Sep 17, 2010 10:42 GMT  ·  By

Investigators working deep in a Brazilian forest managed to collect samples of aerosols that are largely free from contamination with chemicals produced by human activities.

This is the first time such an accomplishment is made, researchers say. Analysis of the collected aerosols revealed that they were in near pristine, pre-industrial conditions.

From this standpoint, members of the group that made the findings should be called “archaeologists of the air,” analysts say jokingly.

The environmental engineers conducted their campaign in the remote Amazonian Basin, just north of Manaus, Brazil. The area here is still pristine, and very little touched by human hand.

These findings could have significant implications for climate science, experts believe, seeing how analyzing the aerosols could provide us with more data on how clouds form, or on the specific chemical differences between natural and polluted environments.

Additionally, such a study could provide us with a deeper understanding of how the Amazonian Basin as a whole influence both local and global climate patterns.
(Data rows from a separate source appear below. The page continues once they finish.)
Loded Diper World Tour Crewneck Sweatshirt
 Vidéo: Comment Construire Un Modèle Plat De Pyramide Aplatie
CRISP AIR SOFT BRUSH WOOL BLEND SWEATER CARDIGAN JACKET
Full details of the new conclusions appear in the September 17 issue of the top journal Science, report experts with the US National Science Foundation (NSF).

“This study shows that in this very pristine environment, there is a close linkage between emissions from plants, aerosols, clouds, and precipitation,” expert Anne-Marie Schmoltner explains.
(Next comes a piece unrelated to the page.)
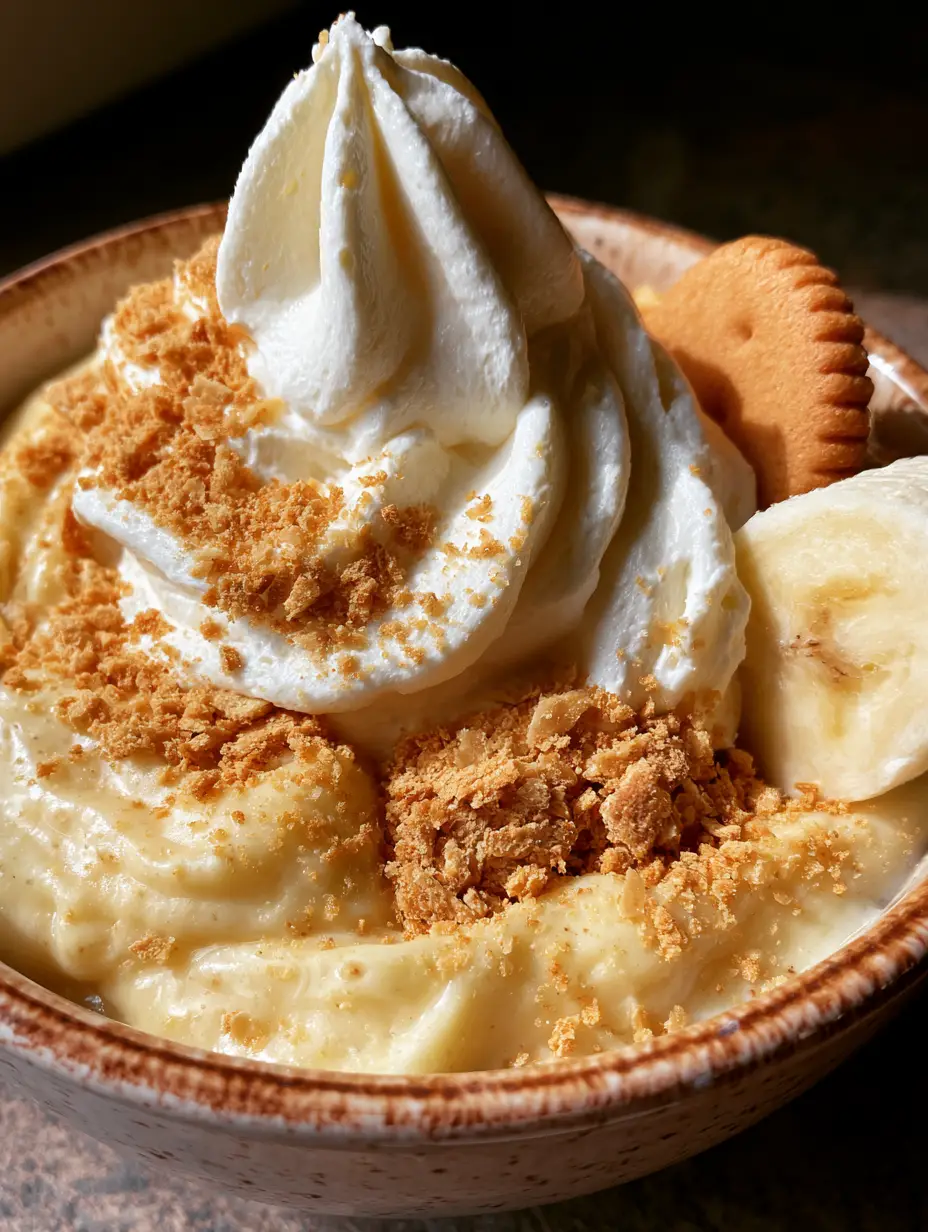 Textura detallada de la crema de plátano amarilla pálida y los picos blancos de crema batida. (betún de plátano)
“By doing a thorough chemical analysis of the aerosols in the Amazon region, this team could show that organic compounds can be predominant in the formation of atmospheric aerosols,” adds the official, who is based at the NSF Division of Atmospheric and Geospace Sciences.

The DAGS provided the funding the team needed to conduct the study.
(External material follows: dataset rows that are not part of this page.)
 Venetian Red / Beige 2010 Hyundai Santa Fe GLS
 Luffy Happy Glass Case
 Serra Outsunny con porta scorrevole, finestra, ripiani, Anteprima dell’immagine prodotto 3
“We basically had two 'travel' days' worth of pure air movement over 1,600 kilometers before the air came to our measurement site,” explains Scot Martin, the lead author of the Science paper.

“By performing the study in the rainy season of central Amazonia (January-March), we avoided contamination. Well-known periods of burning and deforestation occur in the dry season and also largely on the southern edge of Amazonia,” he adds.

The expert holds an appointment as an environmental chemist in the Harvard University's School of Engineering and Applied Sciences (SEAS).

“Those particles are affecting cloud formation and cloud formation is affecting precipitation which is affecting the plants. This is what we call the great tropical reactor. Everything is connected and in our research we finally had a real glimpse of natural aerosol-cloud interactions,” Martin concludes.